BurgerFi International gains significant new shareholder, private equity firm L Catterton, as well as a new brand it intends to franchise as part of its $ 161.3 million acquisition of Anthony’s Coal Fired Pizza & Wings. Executives are hopeful that both developments will cause the share price to rise, which peaked at $ 11.33 per share in July, but closed yesterday at $ 8.81.
“We don’t think the current share price adequately reflects the value of BurgerFi, let alone the addition of Anthony,” said BurgerFi CFO Mike Rabinovitch, whom he attributes in part to to the major volatility of last year in the PSPC market, or to a special target. acquisition company.
BurgerFi went public last December when it merged with a SPAC, Opes Acquisition Corp. It became the first restaurant franchise to do so successfully since Del Taco’s merger with Levy Acquisition Corp. in 2015.
Since BurgerFi’s public debut, the SPAC market has soared and fallen. In January 2020, approximately $ 1 billion was raised by new SAVS. That rose to $ 18 billion in October, the highest of last year. In February 2021, the amount raised exceeded $ 35 billion but fell to $ 6.1 billion in September, according to Dealogic and SPAC Research.
“Yes, there has been a cyclical reaction to PSPCs in the investment community, but the composition of shareholders of companies that have gone public with institutions, funds and banks is different from that of PSPC shareholders,” said Rabinovich.
He qualifies L Catterton’s continued involvement in the business as a vote of confidence. “I think this is the world’s largest private equity fund focused on the consumer space. They bought, sold and developed dozens of restaurant brands, ”he said.

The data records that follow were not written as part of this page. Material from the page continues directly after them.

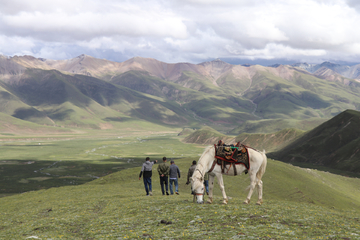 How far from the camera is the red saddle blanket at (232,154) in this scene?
2512 centimetres

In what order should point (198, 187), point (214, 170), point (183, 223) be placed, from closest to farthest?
point (183, 223) → point (198, 187) → point (214, 170)

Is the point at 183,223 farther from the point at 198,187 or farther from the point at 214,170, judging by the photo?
the point at 214,170

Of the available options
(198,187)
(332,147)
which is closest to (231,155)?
(198,187)

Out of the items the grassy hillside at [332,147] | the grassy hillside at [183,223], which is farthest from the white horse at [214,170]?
the grassy hillside at [332,147]

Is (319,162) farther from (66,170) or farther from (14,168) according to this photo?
(14,168)

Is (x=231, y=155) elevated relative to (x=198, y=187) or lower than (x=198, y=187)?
elevated

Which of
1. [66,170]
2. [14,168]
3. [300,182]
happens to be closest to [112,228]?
[300,182]

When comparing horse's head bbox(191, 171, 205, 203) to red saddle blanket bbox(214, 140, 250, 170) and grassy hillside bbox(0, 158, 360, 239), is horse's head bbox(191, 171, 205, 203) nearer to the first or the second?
grassy hillside bbox(0, 158, 360, 239)

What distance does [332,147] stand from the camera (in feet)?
511

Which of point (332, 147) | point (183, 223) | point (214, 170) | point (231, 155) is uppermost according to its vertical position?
point (231, 155)

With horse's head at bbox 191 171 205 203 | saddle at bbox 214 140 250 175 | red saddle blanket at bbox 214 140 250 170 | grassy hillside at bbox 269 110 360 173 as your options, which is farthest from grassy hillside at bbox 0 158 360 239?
grassy hillside at bbox 269 110 360 173

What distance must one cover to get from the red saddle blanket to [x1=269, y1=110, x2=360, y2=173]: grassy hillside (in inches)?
4841

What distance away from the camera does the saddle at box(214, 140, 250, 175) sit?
82.4 ft

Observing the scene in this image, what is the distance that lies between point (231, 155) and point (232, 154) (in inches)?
5.2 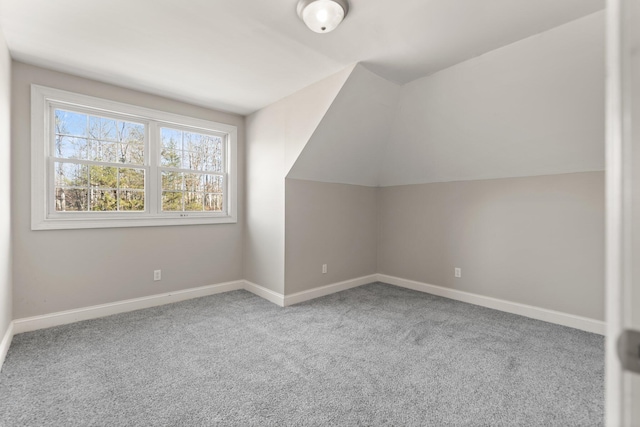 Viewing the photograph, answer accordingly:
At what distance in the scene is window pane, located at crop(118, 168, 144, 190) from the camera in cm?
323

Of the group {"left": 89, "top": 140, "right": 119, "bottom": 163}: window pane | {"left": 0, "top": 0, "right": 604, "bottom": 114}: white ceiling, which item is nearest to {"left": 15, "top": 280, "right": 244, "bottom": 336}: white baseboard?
{"left": 89, "top": 140, "right": 119, "bottom": 163}: window pane

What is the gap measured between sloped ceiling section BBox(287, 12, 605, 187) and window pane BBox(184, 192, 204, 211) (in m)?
1.32

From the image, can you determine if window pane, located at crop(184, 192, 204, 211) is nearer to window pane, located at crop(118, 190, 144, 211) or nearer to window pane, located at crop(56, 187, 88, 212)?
window pane, located at crop(118, 190, 144, 211)

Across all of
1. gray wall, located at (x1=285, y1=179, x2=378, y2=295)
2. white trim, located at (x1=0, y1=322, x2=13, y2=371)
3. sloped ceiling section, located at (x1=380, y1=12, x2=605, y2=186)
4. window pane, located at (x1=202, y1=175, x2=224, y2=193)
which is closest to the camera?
white trim, located at (x1=0, y1=322, x2=13, y2=371)

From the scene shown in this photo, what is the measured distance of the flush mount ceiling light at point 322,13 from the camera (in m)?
1.86

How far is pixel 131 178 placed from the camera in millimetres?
3293

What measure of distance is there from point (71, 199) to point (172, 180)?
0.96 meters

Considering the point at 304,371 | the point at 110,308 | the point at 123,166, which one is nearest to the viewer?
the point at 304,371

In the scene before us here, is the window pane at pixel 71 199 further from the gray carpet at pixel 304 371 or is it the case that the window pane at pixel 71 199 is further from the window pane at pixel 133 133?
the gray carpet at pixel 304 371

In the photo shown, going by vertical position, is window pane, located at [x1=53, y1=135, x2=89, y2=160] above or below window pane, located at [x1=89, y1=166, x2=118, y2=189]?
above

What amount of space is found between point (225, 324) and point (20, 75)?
9.26 ft

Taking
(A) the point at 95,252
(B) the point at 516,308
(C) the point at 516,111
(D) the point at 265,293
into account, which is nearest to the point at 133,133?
(A) the point at 95,252

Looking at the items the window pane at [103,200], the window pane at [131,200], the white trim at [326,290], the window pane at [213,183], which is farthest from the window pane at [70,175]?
the white trim at [326,290]

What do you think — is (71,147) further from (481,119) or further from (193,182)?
(481,119) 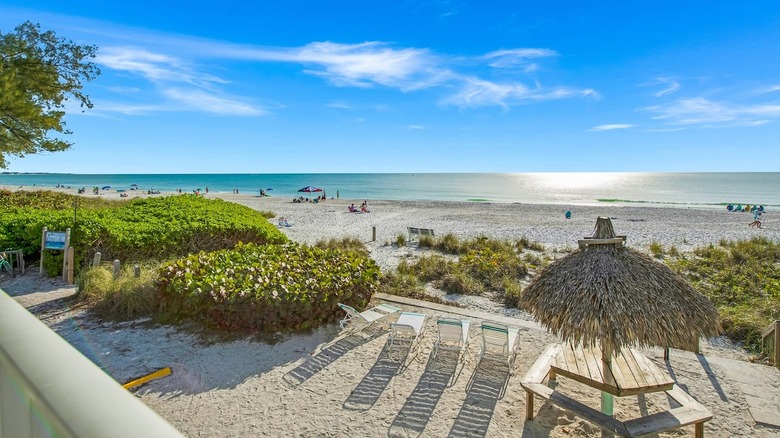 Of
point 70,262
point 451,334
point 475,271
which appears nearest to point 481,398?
point 451,334

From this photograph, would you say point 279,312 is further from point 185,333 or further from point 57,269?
point 57,269

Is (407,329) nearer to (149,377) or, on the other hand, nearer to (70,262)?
(149,377)

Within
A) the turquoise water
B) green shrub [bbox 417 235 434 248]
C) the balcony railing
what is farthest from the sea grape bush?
the turquoise water

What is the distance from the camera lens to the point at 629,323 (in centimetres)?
422

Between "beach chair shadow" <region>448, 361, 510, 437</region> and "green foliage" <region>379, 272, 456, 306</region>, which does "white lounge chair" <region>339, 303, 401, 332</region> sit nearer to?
"beach chair shadow" <region>448, 361, 510, 437</region>

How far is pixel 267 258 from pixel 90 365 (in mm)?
8251

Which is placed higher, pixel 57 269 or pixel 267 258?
pixel 267 258

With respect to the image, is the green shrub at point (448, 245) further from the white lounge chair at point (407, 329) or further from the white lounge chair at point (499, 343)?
the white lounge chair at point (499, 343)

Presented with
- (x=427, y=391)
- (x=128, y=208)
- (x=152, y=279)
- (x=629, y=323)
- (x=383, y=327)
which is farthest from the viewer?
(x=128, y=208)

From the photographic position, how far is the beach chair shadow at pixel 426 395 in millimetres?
4797

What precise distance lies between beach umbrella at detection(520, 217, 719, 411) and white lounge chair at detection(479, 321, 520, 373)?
5.23ft

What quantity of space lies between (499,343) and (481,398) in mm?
1054

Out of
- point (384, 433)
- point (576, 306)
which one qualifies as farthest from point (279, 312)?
point (576, 306)

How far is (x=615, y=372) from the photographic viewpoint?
15.2 feet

“What’s very interesting about the way the business is structured is that the seller doesn’t come away with money. They take shares of our company in exchange for ownership of Anthony. They would only do that if they had a firm belief in it, ”he said, noting that L Catterton will sit on the board. “The amount of expertise and breadth of their experience will be a great complement” to the existing team.
Julio Ramirez, CEO and President of BurgerFi, has been a 26-year Burger King executive who joined BurgerFi in October 2020. “I joined the company two months before our IPO, the SPAC was already formed. I am very happy to have accepted the role. Anyone who’s gone public knows it’s very energizing, ”he said. “We have the heart of a lion even though we are a small business.”
BurgerFi has 116 locations in total, 22 businesses and the rest franchise. “Most of them are existing operators opening their second, or fifth, sixth, location. It’s the mark of a good brand, when existing operators grow, ”Ramirez said.
Anthony’s has 61 company-owned locations and the first franchise rollout for the South Florida-based brand is underway, Rabinovitch said. “One of Anthony’s amazing attributes is that they have high productivity in their locations: AUV $ 2.3 million per location, with very good operating margins of 19%; average sales per square foot approaching $ 700. These savings are such that they can grow.
Even more interesting, he said, “Anthony’s opened its first 1,700 square foot location against 3,200 square feet. This lower level investment to open a smaller store, which can turn into a less capital intensive growth strategy, or open up the franchise opportunity. He said they were evaluating the one small store to determine the “ideal spot” for franchise expansion.